The cellars are part of a pretty domaine at the foot of the east side of the Hermitage hill and have been there for three generations. Father Gaby, born in 1939, is a contemporary of Albert Belle, and both men set off on their own domaine wine track at about the same time. The Viales have always worked half in fruit, notably apricots plus some cherry and peach. Cherries are the least popular fruit from the angle of their harvesting clashing with vineyard work in mid-May.
The vineyard holdings have grown in the past few years. There are over 13 hectares of Syrah for their Crozes, 1.9 hectares of Marsanne for the white, and precious 1.81 hectares for the Hermitage.

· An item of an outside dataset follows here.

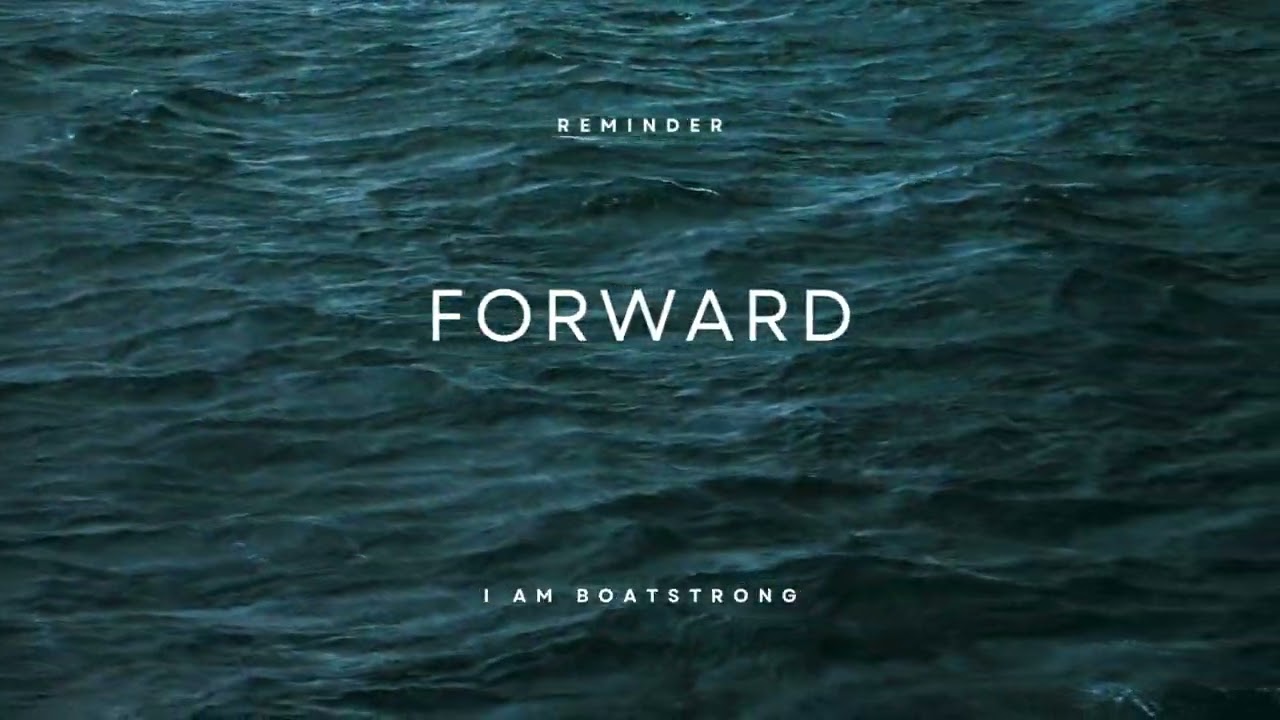 The POWER is YOU  BOATSTRONG WAR CANOE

The Crozes Syrah grows on gentle, tractor-friendly terraces around Mercurol and Tain. Colombier itself is right in the commune of Tain, with a filtering, sandy-sediment soil topped with broken stones. At Mercurol the soil is more red clay, with a couch of gravel about a metre down. Their Crozes runs over a dozen or so plots.
The Marsanne grows in four plots; many of the vines date back between 70 and 100 years, their centre being Croix du Torras, right next to the most easterly slope of Hermitage, Les Signeaux, or Torras et les Garennes as it is now known. The other three plots are at Mercurol, led by a notable 0.3 ha of 1902 Marsanne on Les Pends. “We bought this in 1997,” recalls Florent; “it’s a fantastic old vineyard, but it took me four winters with my pickaxe to get it in better shape. The old owner would deliver the crop to the Cave de Tain.” The other sites at Mercurol are Mont Rousset and Creux Charbonnier.

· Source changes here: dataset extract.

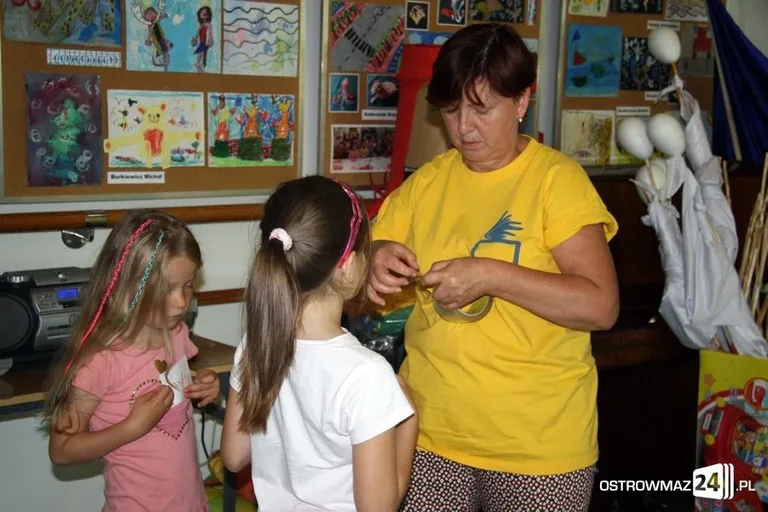 Tańce i zabawy w MDK (zdjęcia)
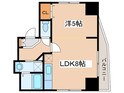 リライエンス円山の間取図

The outlook is practical. Spraying is done against grape worm blight, but likewise, excess leaves are cleared and the soil is banked and worked. “I adapt as necessary,” says Florent: “I just want healthy vines.”
Florent was a latecomer to the domaine, having worked off a serious amount of wanderlust. His travels took him to Central America and Africa, and he worked as a ski instructor in the Vercors mountains nearby, before a year’s training in the Libourne near Bordeaux in 1988. He has a relaxed attitude and with his broad outlook is happy to chat beyond the subject of wine.
The Syrah is vinified whole in a variety of vats – concrete, steel and wood; a 30-hectolitre open wood vat is from his grandfather’s time, and Florent does a foot pigeage on this: “It’s useful to help me judge the vintage quality because in the good years it’s hard to break down the top crust; I wear my bathing trunks for that.”
The Crozes is fermented for two weeks, around the 30 C mark, with the end temperature rising to 34 C before gradually descending to 22 C and devatting. Florent is careful about excess heat for the loss of fruit it can bring.
Ageing is 50 to 60 per cent in cask, with the demi-muid 600-litre barrel favoured, the rest steel or enamel vats. The Gaby cuvée is selected from the best casks wine, one month before bottling around November, 14 months after the harvest.
The classic red shows soft fruit, with a sprinkling of tannin, a wine that is fine to drink within three to six years old, although it should last longer. The Gaby rouge (18,000 bottles) has more scale – increased black fruit and tarry content. It gains leathery tones with age and drinks well towards 12 years old or so.
The white receives only a light decantation after pressing, and is then 80 per cent vat, 20 per cent oak fermented, and raised for 10 months. Since 1997 there has also been a Cuvée Gaby white (1,500 bottles), all done in new wood for a year when conditions lend themselves (there was no Gaby in 2000). Florent’s comments on this are a relief to hear: “We started to make this wine with lees stirring, but the wine came out too massive and wooded, with low acidity and a loss of finesse. Now we let the malo occur.”